I've come away from my trip to Cordoba, as I usually do from my travels, with a changed sense of scale and inspiration for new work. Of course people are really the same everywhere although some are friendlier than others. Cordobes are among the friendliest anywhere. You know they are friendly because they can discuss politics even with a total stranger on the street and not get into a fistfight (like we might in the States.) Whether Cordobes are as religious now as they once were the signs of the Catholic faith are everywhere. As Raul told me, "there is a cathedral or chapel on every corner". And while this is a bit of a stretch both Catholicism and various native faiths are still symbols one sees wherever one goes in Argentina. On a stroll one afternoon while looking for something to paint I fell into a small shop selling religious paraphernalia. On a display in the window I'd were small silver tokens like ones I'd seen earlier in churches in both Buenos Aires and Cordoba. In fact I'd seen variations on the tradition in Spain, Italy and even in Hungary and Croatia. "Promesas" are little prayer tokens, like sacrifices, given as a promise in return when requesting a healing from God of an illness for oneself or a relative or even a sick cow or family dog. I thought that they were similar in some respects to the stenciled image I've been working with for several years and that they might help me invent an interesting and culturally related iconography for the watercolors I'll be doing for my next exhibition at Artempresa in 2006.



When I saw the tokens in the window I laughed as I imagined making little figures by putting together the various body parts and having them interact with their dogs and cows. I bought a handful of parts and pieces so I could work with the idea. Of course I won't restrict myself to the ones I bought but will invent some of my own. I figure this is in the spirit of the tradition and God won't mind since its good advertising for the cause.

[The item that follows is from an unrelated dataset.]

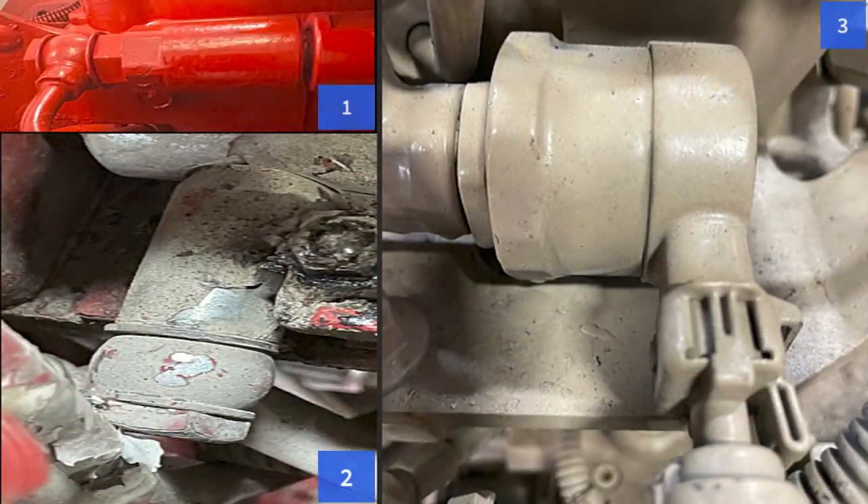The high-pressure rail relief is kind of like that unknown problem child — when the engine doesn't want to start or you have fuel pressure faults, we always suspect that might be the problem. It's there so that you don't have a catastrophic failure in the fuel system. I had a QSX 15, and there's a video on my channel about it — that engine has the rail relief shown in the top left corner, number one.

I left Cordoba after having regular cafe doble sin leche with Crist at the airport, saw the 50 year retrospective of another famous cartoonist, Quino, to whom I was introduced by his old friend Sabat. I spent one night with Sabat in Buenos Aires, 8 hours on the street lugging mi maleta's (I now know from the experience that luggage was named after the act of lugging) because I didn't make arrangements early enough to catch up with friends. I had a long 11-hour flight to Dallas (hadn't paid attention to the long flight the first two trips but it is significantly longer than a flight to London, Paris or Amsterdam) where I nearly missed my three-hour hop back to Columbus- I'd gotten into a very interesting conversation with a former art dealer who used to broker corporate art in Argentina and Brazil when I went out to smoke a cigarette. He told me that business in South America is done through family and friends. If you are accepted by someone in the community all it takes is a phone call and you’re accepted without question almost by the new contact. This certainly confirmed my experience in Argentina. All in all I put in more than 18 hours traveling time with the layover in Dallas. And I think that maybe God is looking after me cause the three bottles of Mendoza wine and the bottle of very inexpensive Argentine Blended Scotch ($6- U.S.) made it home intact even though the only 'promesa' I'd given were several empty bottles and an unopened container of dark olives left behind for Margarita the maid in my hotel. Also I wasn't stopped at customs so I didn't get busted for my 7 Cuban cigars and the large chunk of crystal quartz I found while walking in the country with Crist and Maria Theresa on their friend Leo's estancia.


(after the opening at Artempresa, left to right: Ana Luiza and companion, Raul and Maria, me, Miguel, Helena and Juan- three more really wonderful artists with whom I spent a lovely night of wine, charades and Spanglish.)


Besos y abrazos to my friends in Cordoba!

Walter King

Columbus OH

Aug. 7th, 2004

Replies: 2 Comments

on Friday, August 27th, Brad Michael Moore said

"When I AM a near-stranger in a place..." ;-)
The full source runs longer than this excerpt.